Credo di aver sentito parlare per la prima volta della Chiave a stella di Primo Levi nei locali del Lingotto a Torino. Era la tarda primavera di un anno di cui non ricordo la data, ma che doveva essere dopo la mia laurea, e al Lingotto si teneva un importante convegno sulla letteratura industriale.
Ricordo che era prevista una relazione di Giulio Lepschy, un importante linguista dal cognome misterioso. O forse misteriosa era la borsa di cuoio che lui portava con sé perché a un certo punto, interrompendosi di parlare, la aprì e tirò fuori un arnese di metallo. Da lontano non si vedeva bene cosa fosse. Non ho mai avuto dimestichezza con gli attrezzi da meccanico o da falegname, però si trattava di un utensile particolare, luccicante e lungo, chiaramente legato al nome del libro di cui stava parlando Lepschy. A me colpì il gesto originale: anziché argomentare in lungo e in largo per spiegare ai presenti cosa fosse questa chiave a stella, la esibiva a mo’ di trofeo, impugnandola dalla barra come avrebbe fatto un operaio.
«Eccola qui.
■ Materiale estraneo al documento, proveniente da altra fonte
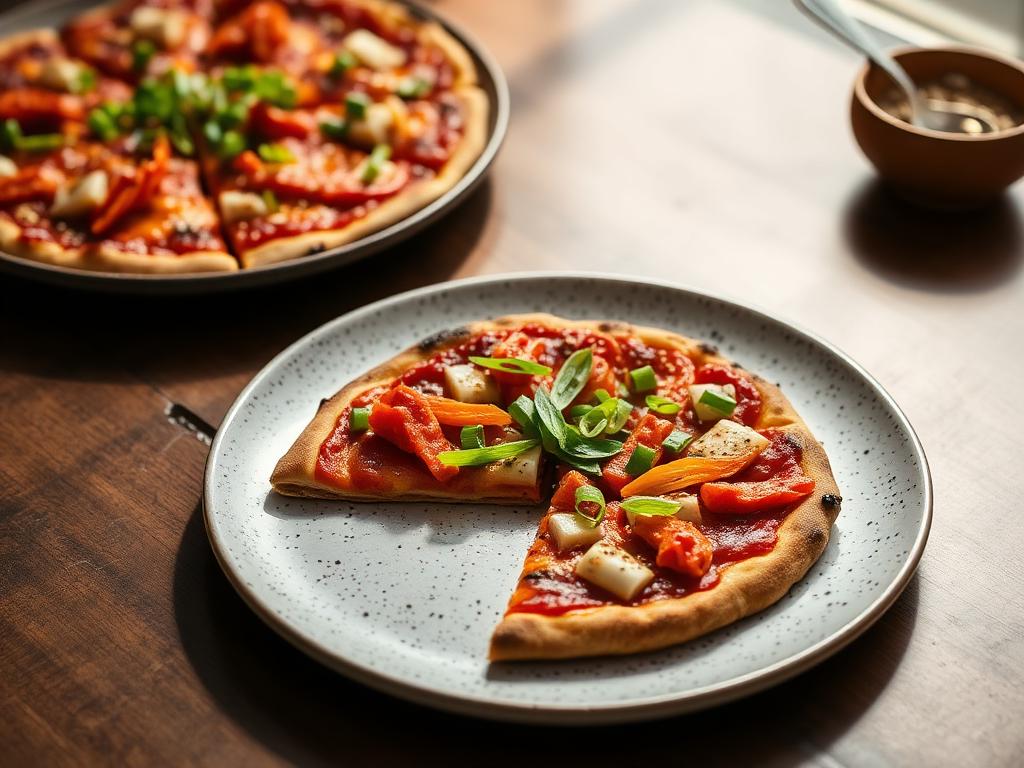 ZZA BABY Pizza Bar pizza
È questa!»
«Eccola qui» diceva Lepschy. «È questa!». I presenti lo osservavano quasi si fossero trovati di fronte un venditore da fiera perché i gesti del professore erano contenuti ma plateali, l’attrezzo non doveva passare inosservato e quella breve dimostrazione evidentemente faceva parte della conferenza, anzi doveva essere una parte imprescindibile. A me, infatti, capitò di non seguire più le parole del relatore, ma di continuare a pensare alla chiave a stella anche quando Lepschy la poggiò sul leggio e tornò a riprendere in mano i fogli. Pensavo a quante mani di operai avessero stretto quel genere di arnese, in quel luogo dove avevano funzionato le catene di montaggio della Fiat per i primi decenni del Novecento. Pensavo all’enorme famiglia di chiavi che erano state inventate – a forchetta, a bussola, a croce, a tubo, a pipa, a cricchetto – e a come doveva essere faticoso il mondo prima che qualcuno le avesse brevettate.
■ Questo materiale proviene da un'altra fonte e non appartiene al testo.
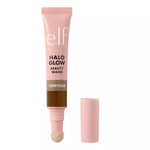 e.l.f. Halo Glow Contour Beauty Wand Medium/Tan Liquid Formula with 2% Squalane 10mL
La relazione di Lepschy si chiuse negli applausi, ma io avevo continuato a distrarmi facendo mille illazioni sui bulloni e i dadi, sulla perfetta aderenza – quasi uno sposalizio – che le pareti interne dell’anello stellare (si chiamava proprio così: anello, proprio con il linguaggio dell’amore) dovevano dimostrare quando erano chiamate al difficile esercizio della torsione. Mi ero perso tutta la scienza linguistica di Lepschy, però in compenso avevo guadagnato quel sentimento di una disciplina manuale, che mi sarebbe rimasto dentro, anche se inesplorato. Un matrimonio mai consumato, ma celebrato.
Tempo dopo in libreria
Non ricordo quanto tempo passò dal convegno al Lingotto al giorno in cui, in una libreria del riuso, trovai una copia della Chiave a stella pubblicata da Einaudi in una collana per la scuola media: sfondo bianco, tre righe rosse orizzontali e al centro un disegno con una mano guantata che stringe l’utensile. «Eccola qui» mi sono detto, ripetendo le stesse parole di Lepschy. Comprai il libro e impiegai poche ore a leggerlo.
Libertino Faussone, il protagonista che si faceva chiamare Tino per comodità dallo scrittore con cui conversava in una mensa dell’est sovietico, montava e smontava gru metalliche, ma si sentiva un dio della meccanica, un dio con il vizio di arrampicarsi fino in cima a quei mostri di equilibrio con il suo attrezzo prezioso. La chiave a stella è la voce di un orgoglio operaio. Pareva impossibile scrivere un romanzo su un arnese, eppure Primo Levi era riuscito a farlo. Il segreto stava tutto dentro il metallo di cui era fatta la stella poligonale al termine dell’impugnatura ed era un qualcosa di inaudito perché solo chi non ha giocato con il Meccano non può capire la bellezza che si prova quando si mettono insieme i pezzi per costruire qualcosa.